Open zeptonaut opened 8 years ago
/cc @randalnephew
/cc @jbudorick @perezju @petrcermak
Fix up here: https://codereview.chromium.org/2236493003#
Expecting a decent number of broken tests.
Updated bug title to clarify that this is specific to telemetry.
Ah, sorry. Good call.
https://codereview.chromium.org/2236493003# is failing with a bunch of "[305/1094] telemetry.internal.browser.tab_unittest.TabTest.testTabBrowserIsRightBrowser failed unexpectedly 0.3019s: Traceback (most recent call last): File "/b/build/slave/catapult/build/catapult/telemetry/telemetry/testing/browser_test_case.py", line 86, in setUpClass raise Exception('No browser found, cannot continue test.')"
I suspect that the code of of pushing the reference browser' apk to the remote device doesn't work well in parallel as the catapult android host is connected to 7 phones.
@Apeliotes can you help with investigating this bug?
Parallel installation should work, at least from devil's perspective.
It should work from the dependency manager's perspective as well. I think this went through the CQ when the reference builds were updated (the Windows bots are failing in the same way.) So it might be unrelated failures. I'm going to sent the cl through a dry run and see if the tests are still broken.
Thanks Kari for looking into this!
The problem appears to be that we are not prefetching the devil binaries. This isn't an issue on desktop, but means we'll always fail to prefetch on android.
Interesting! Anything we can do to remedy the problem?
Looks like https://codereview.chromium.org/2236493003/ still failed to submit, although it may have been due to ADB flakiness. Retrying now.
Thanks for the quick fix in my absence, Kari. I'll look into a less temporary solution.
Looks like it's still failing :-/
Today's interesting failure of the day: the device_forwarder binary is an asan build for some reason.

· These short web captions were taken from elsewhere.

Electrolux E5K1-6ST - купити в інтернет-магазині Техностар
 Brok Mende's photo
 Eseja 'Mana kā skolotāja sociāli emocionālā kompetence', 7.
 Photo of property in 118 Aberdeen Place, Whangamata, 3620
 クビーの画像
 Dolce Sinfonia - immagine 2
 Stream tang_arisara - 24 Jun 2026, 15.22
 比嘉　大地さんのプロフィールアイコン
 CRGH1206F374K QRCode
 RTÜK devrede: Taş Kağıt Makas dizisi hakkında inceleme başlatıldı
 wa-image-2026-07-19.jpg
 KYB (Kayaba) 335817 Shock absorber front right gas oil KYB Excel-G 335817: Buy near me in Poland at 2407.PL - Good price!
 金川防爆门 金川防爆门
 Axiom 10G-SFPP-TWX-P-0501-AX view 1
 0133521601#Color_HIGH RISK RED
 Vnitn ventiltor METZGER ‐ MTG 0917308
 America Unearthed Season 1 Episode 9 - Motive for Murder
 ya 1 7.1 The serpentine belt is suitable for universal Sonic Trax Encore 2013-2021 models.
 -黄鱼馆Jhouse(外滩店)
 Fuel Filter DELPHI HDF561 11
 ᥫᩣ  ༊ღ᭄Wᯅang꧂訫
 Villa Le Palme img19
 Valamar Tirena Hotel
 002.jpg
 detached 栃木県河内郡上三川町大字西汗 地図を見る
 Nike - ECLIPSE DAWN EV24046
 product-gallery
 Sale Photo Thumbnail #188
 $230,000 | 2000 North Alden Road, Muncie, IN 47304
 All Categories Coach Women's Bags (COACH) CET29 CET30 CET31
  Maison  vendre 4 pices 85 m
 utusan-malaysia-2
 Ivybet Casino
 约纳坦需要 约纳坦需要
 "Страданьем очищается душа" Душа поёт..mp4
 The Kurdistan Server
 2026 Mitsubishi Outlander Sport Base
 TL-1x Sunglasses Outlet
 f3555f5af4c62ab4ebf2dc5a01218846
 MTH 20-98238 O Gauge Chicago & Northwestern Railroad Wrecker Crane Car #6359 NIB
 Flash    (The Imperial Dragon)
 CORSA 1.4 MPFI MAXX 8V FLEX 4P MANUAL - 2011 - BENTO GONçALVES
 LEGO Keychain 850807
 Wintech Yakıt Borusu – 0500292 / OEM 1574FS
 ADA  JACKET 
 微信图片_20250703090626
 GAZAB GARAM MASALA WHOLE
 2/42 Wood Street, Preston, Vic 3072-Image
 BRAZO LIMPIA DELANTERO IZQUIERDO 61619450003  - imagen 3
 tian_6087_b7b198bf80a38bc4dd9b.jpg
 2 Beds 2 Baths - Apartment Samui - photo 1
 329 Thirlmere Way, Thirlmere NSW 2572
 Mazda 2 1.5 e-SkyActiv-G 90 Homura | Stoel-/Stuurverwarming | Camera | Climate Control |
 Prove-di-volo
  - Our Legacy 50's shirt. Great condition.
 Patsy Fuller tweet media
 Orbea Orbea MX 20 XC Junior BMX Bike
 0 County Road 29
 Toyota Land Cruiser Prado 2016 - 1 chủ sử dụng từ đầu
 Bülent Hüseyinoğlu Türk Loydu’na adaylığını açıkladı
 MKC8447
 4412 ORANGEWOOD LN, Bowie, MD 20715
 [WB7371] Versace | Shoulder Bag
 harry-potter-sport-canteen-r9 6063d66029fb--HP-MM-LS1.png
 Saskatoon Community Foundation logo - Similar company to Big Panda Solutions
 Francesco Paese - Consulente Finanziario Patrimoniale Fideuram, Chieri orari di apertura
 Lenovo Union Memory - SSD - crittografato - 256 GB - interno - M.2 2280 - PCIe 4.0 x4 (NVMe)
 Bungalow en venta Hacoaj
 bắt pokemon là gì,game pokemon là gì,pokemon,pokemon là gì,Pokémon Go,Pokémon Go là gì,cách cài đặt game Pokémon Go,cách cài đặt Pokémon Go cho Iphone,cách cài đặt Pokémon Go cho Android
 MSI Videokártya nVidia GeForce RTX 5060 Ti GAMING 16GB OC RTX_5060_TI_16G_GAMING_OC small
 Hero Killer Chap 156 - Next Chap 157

AdbShellCommandFailedError: (device: 06b3b31f003bf3cb) shell command run via adb failed on the device:
command: LD_LIBRARY_PATH=/data/local/tmp/forwarder/ /data/local/tmp/forwarder/device_forwarder --kill-server
exit status: 1
output:
- CANNOT LINK EXECUTABLE: could not load library "libclang_rt.asan-arm-android.so" needed by "/data/local/tmp/forwarder/device_forwarder"; caused by library "libclang_rt.asan-arm-android.so" not found
I think that the devices on that bot are in a bad state leftover from previous runs, which means it's time to bring parts of the device provisioning logic up from chromium into devil.
... apparently telemetry has its own copies of the host and device binaries for both md5sum and the forwarder (e.g.). This seems wrong, but somehow telemetry is calling them anyway.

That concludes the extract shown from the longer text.